Monday, February 18, 2008

More on the Death Penalty

Over at Mirror of Justice, Rick Garnett comments on an article by Walter Berns about the relationship between religion and the death penalty, in which Berns evaluates the observation of Albert Camus that a religious people have the best defense of the death penalty. To keep up the commenting, I'll comment on Rick's comment to Bern's commentary on the Camus comment.

Berns's makes his point by describing the world of Camus' The Stranger, a world in which God is dead and the protogonist kills for now reason, because he has no passion, no ground for hate, for love, for friendship-- because he lives in a world in which God dead. This is not our world, concludes Berns:

A world so lacking in passion lacks the necessary components of punishment. Punishment has its origins in the demand for justice, and justice is demanded by angry, morally indignant men, men who are angry when someone else is robbed,
raped, or murdered, men utterly unlike Camus's Meursault. This anger is an expression of their caring, and the just society needs citizens who care for each other, and for the community of which they are parts. One of the purposes of punishment, particularly capital punishment, is to recognize the legitimacy of that righteous anger and to satisfy and thereby to reward it. In this way, the death penalty, when duly or deliberately imposed, serves to strengthen the moral sentiments required by a self-governing community.
I want to add one more car to this train of thought: Relgious people have hope, rather than despair, in the face of human justice that always disappoints, always falls short of ultimate justice by its very nature. And the only way there is hope is if one knows that there is in fact, perfect justice byond this world, that criminals do not ever get off "scot free" and that innocent will be vindicated, no matter the oppression in this world.

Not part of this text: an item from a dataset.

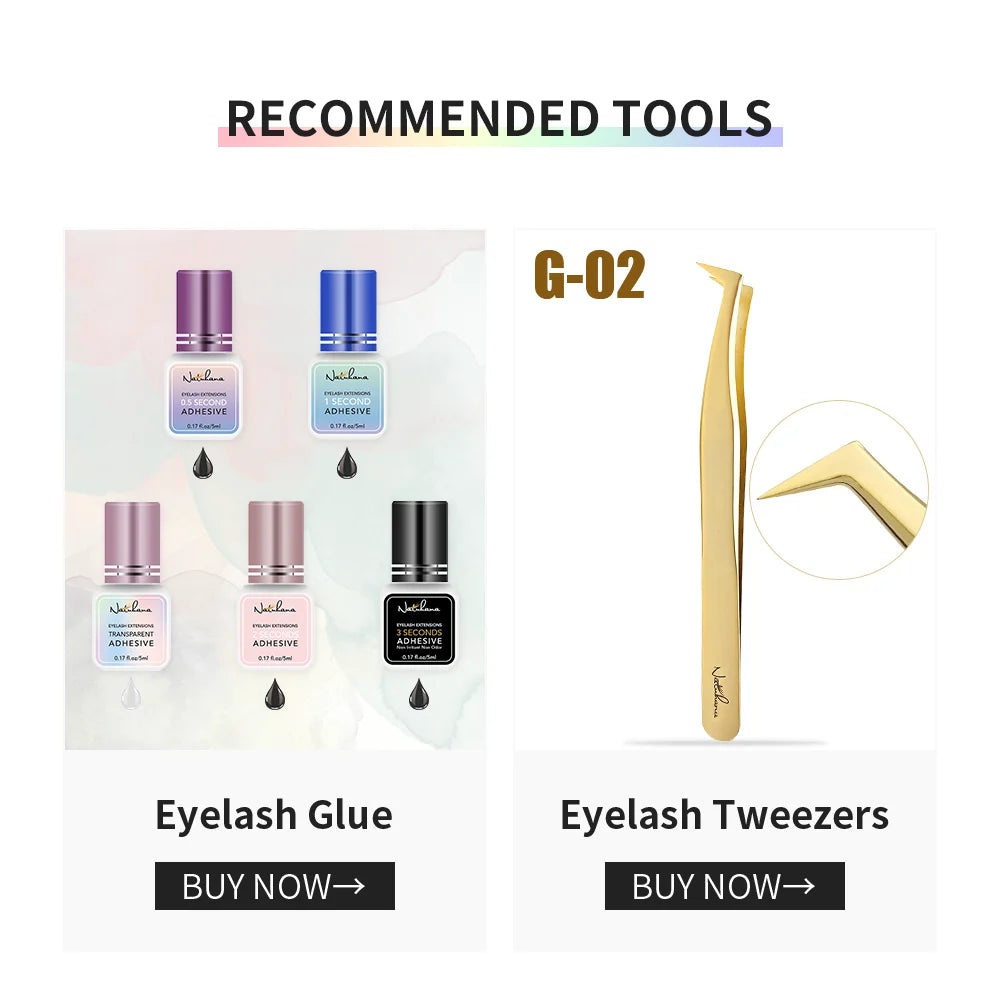 Five colorful bottles of eyelash adhesive and one gold-toned professional eyelash extension tweezer set.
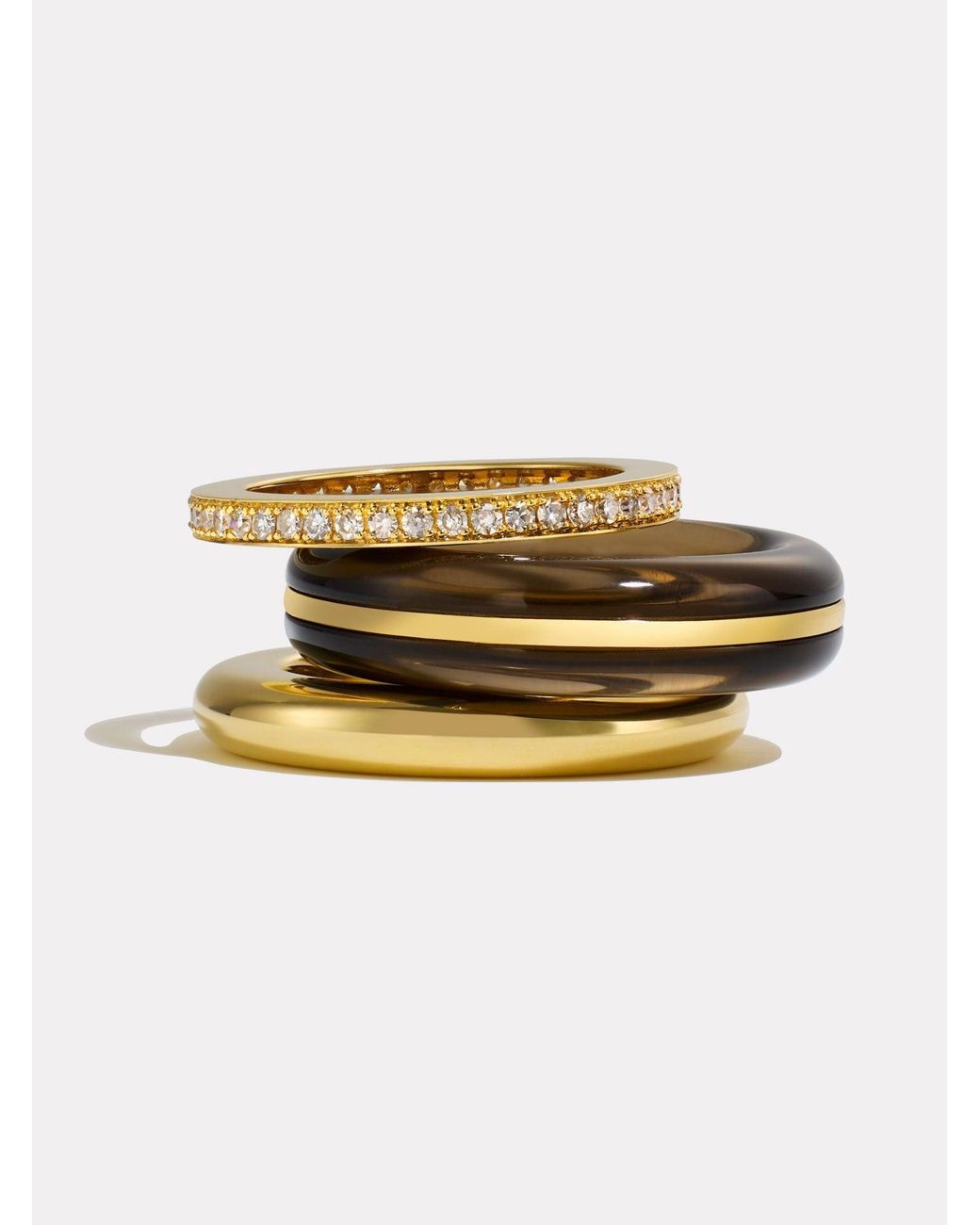 BY PARIAH Metallic Classic Ring Stack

Without this hope, our relatively miserable attempts at justice are indeed a cause for despair, and this despair will be great among those who believe that human justice is all the justice that can be. (On this point, see J. Budziszewski, What We Can't Not Know, and this article in First Things.)

Finally, in light of all this interesting stuff, I want to again wonder aloud about the lack of attention to special revelation among Christian anti-death-penalty legal scholars. It is abslolutely undeniable that God himself authorized the death penalty in a number of societies, according to Scripture, and that he expressly authorized its use. How, then, can it be surprising that the best arguments for the death penalty are relgious ones?